La superación de la inequidad y con ello de la pobreza es el mayor imperativo moral que tiene la humanidad, ya que por primera vez en la historia y particularmente en nuestra América, la pobreza no es fruto de escasez de recursos o factores naturales, sino consecuencia de sistemas injustos y excluyentes. La fundamental cuestión moral es, entonces, la cuestión social.
Este fue uno de los principales postulados de la llamada "Teología de la Liberación", elaboración básicamente latinoamericana, que proponía a la Iglesia también como sujeto histórico, llamada a implantar aquí en la tierra el Reino de Dios, entendido como un reino de justicia.
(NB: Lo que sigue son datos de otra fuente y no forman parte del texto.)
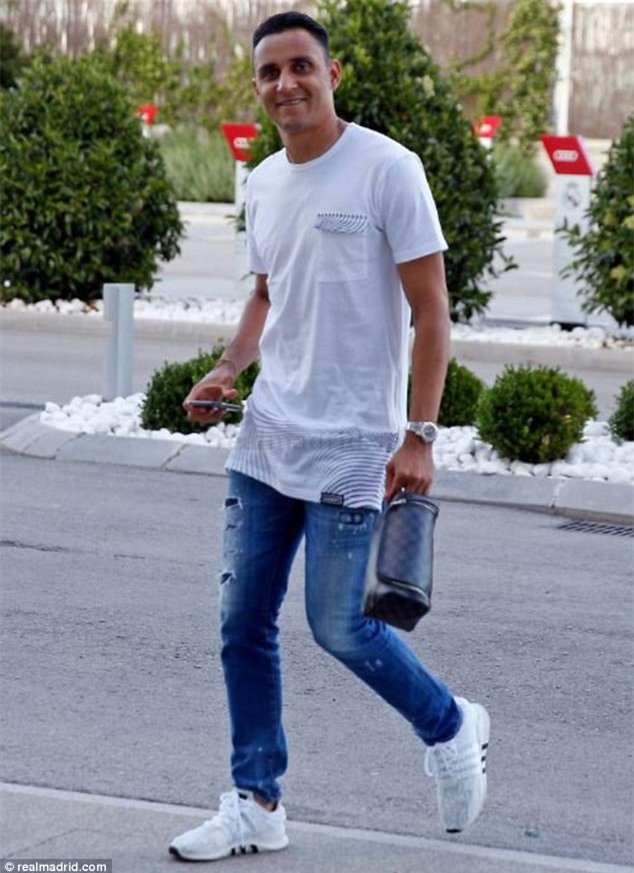 Ronaldo và đồng đội sành điệu trước bán kết lượt về Champions League - Ảnh 3.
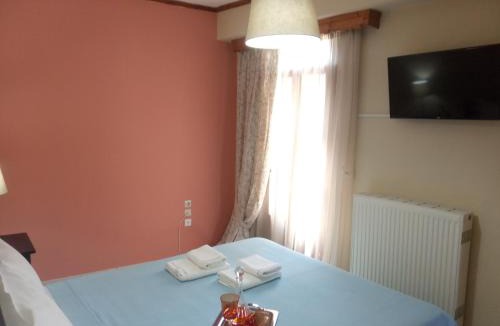 Konitsa Apartment | Small Town Apartment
Sin negar las desviaciones doctrinarias que tuvieron ciertas ramas de la Teología de la Liberación, rescataba la horizontalidad de la Iglesia, tan necesaria en el mundo de hoy; la opción preferencial por los pobres, indispensable deber del cristiano, sobre todo en América Latina; y buscaba superar el asistencialismo por justicia, para enmendar las estructuras injustas que producen la pobreza socio económica, lo cual conducía a la acción política, sin partidos ni ideologías, pero con principios, valores e ideales.
Finalmente, tal vez el principal problema de un sistema basado en el egoísmo racional, sin acción colectiva ni juicios de valor, es que lleva al consumismo.
Como dice el papa Francisco en su encíclica Laudato Si´, El mundo del consumo exacerbado es al mismo tiempo el mundo del maltrato de la vida en todas sus formas (LS 230).
Debemos ensayar una nueva noción de desarrollo, como el Sumak Kawsay o Buen Vivir de nuestros pueblos andinos, que no significa tener más cada día, sino vivir con dignidad, en armonía con uno mismo, con los demás seres humanos, con las diferentes culturas, y en armonía con la naturaleza.